Collected data entries:
################

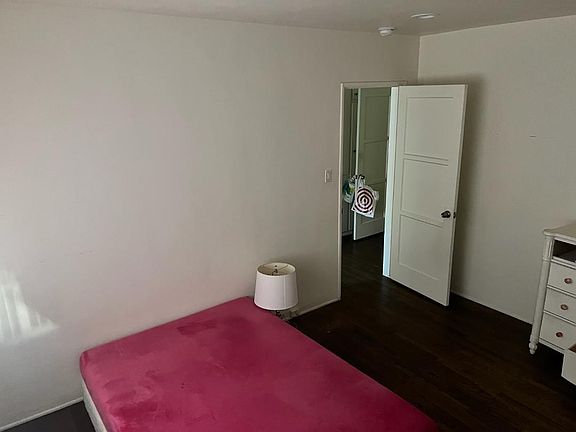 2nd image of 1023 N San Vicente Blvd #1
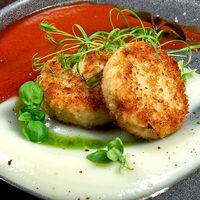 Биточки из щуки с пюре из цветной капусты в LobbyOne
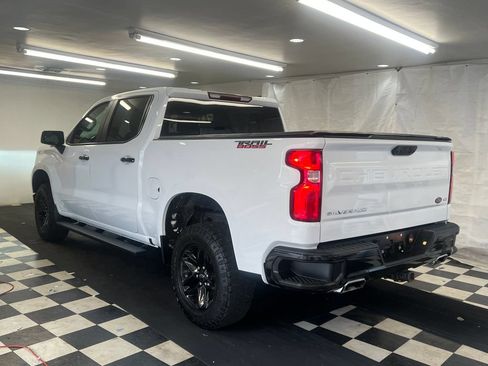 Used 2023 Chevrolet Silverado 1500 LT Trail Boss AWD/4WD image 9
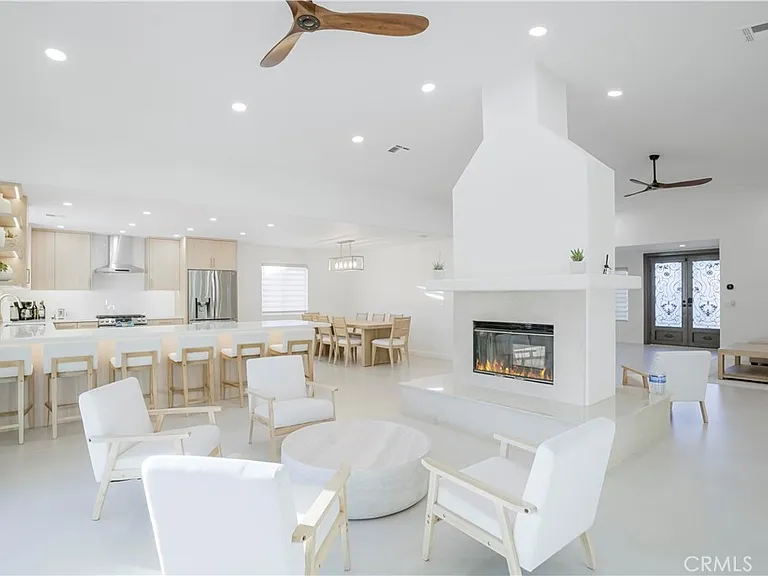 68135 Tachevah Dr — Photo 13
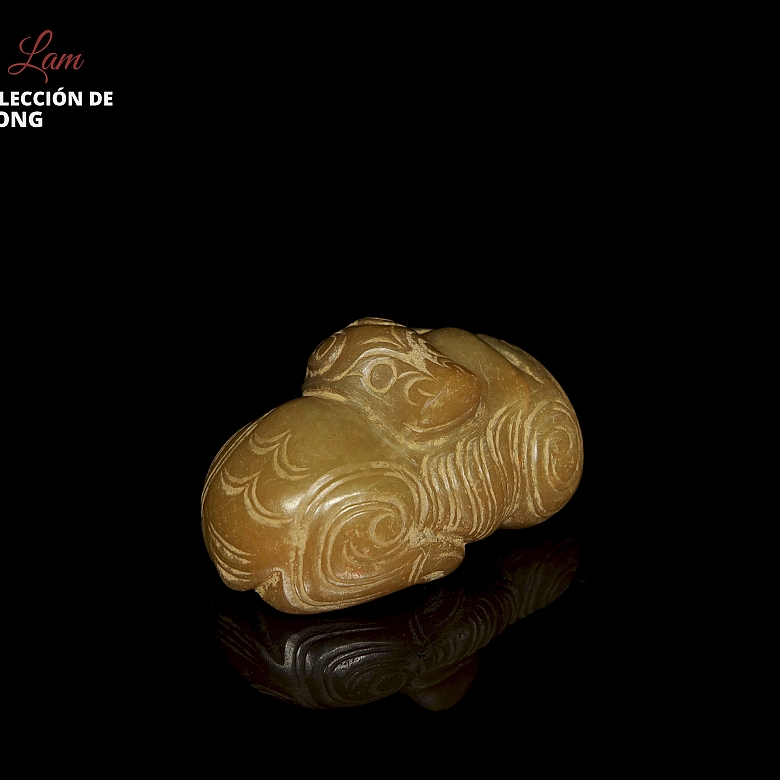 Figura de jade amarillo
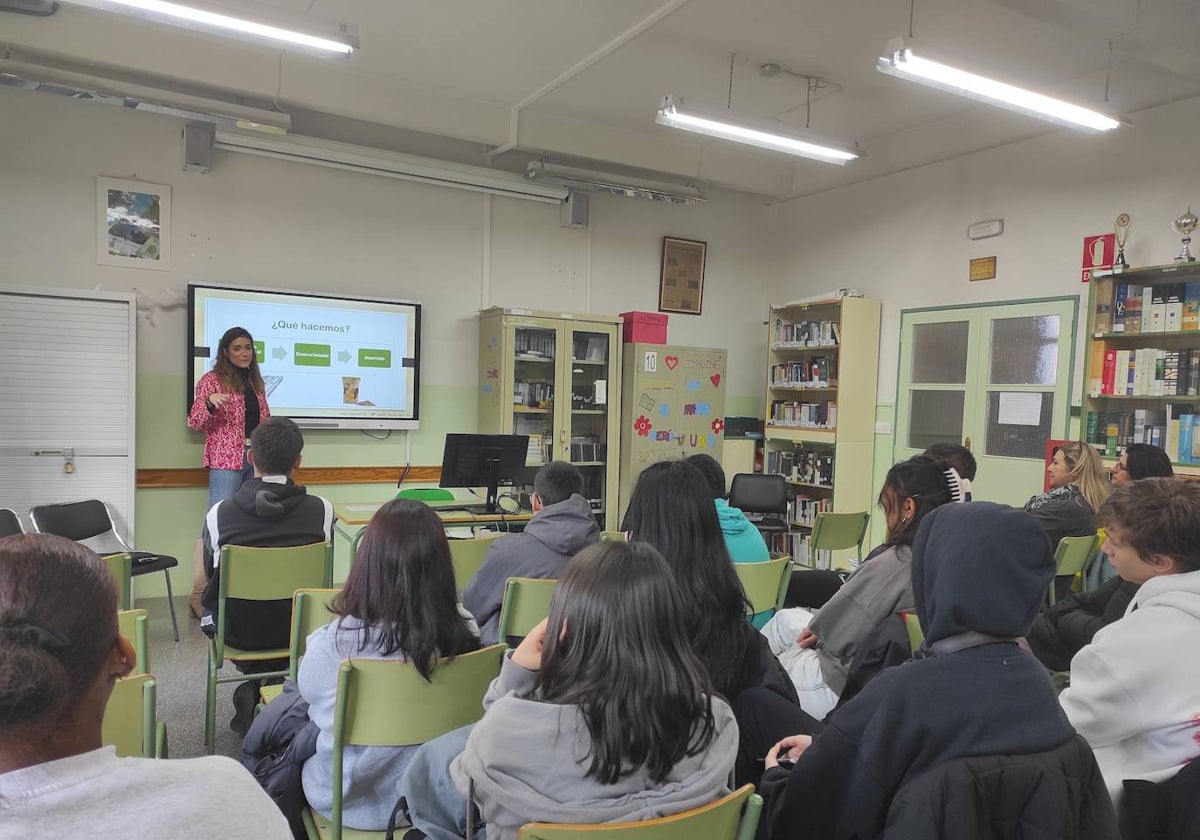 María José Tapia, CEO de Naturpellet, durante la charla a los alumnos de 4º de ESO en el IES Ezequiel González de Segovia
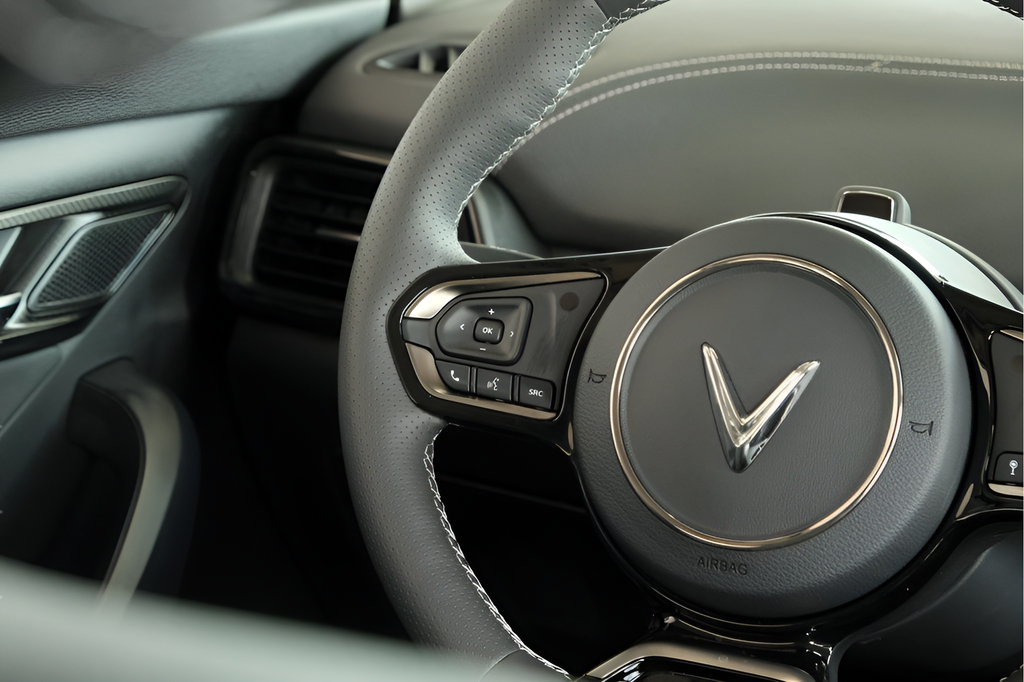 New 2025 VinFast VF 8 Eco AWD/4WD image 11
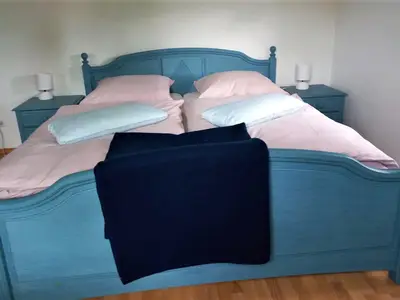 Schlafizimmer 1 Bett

################

Directions for this task:
Return every entry above word for word, and include no images.

Solution for this problem:
 2nd image of 1023 N San Vicente Blvd #1
 Биточки из щуки с пюре из цветной капусты в LobbyOne
 Used 2023 Chevrolet Silverado 1500 LT Trail Boss AWD/4WD image 9
 68135 Tachevah Dr — Photo 13
 Figura de jade amarillo
 María José Tapia, CEO de Naturpellet, durante la charla a los alumnos de 4º de ESO en el IES Ezequiel González de Segovia
 New 2025 VinFast VF 8 Eco AWD/4WD image 11
 Schlafizimmer 1 Bett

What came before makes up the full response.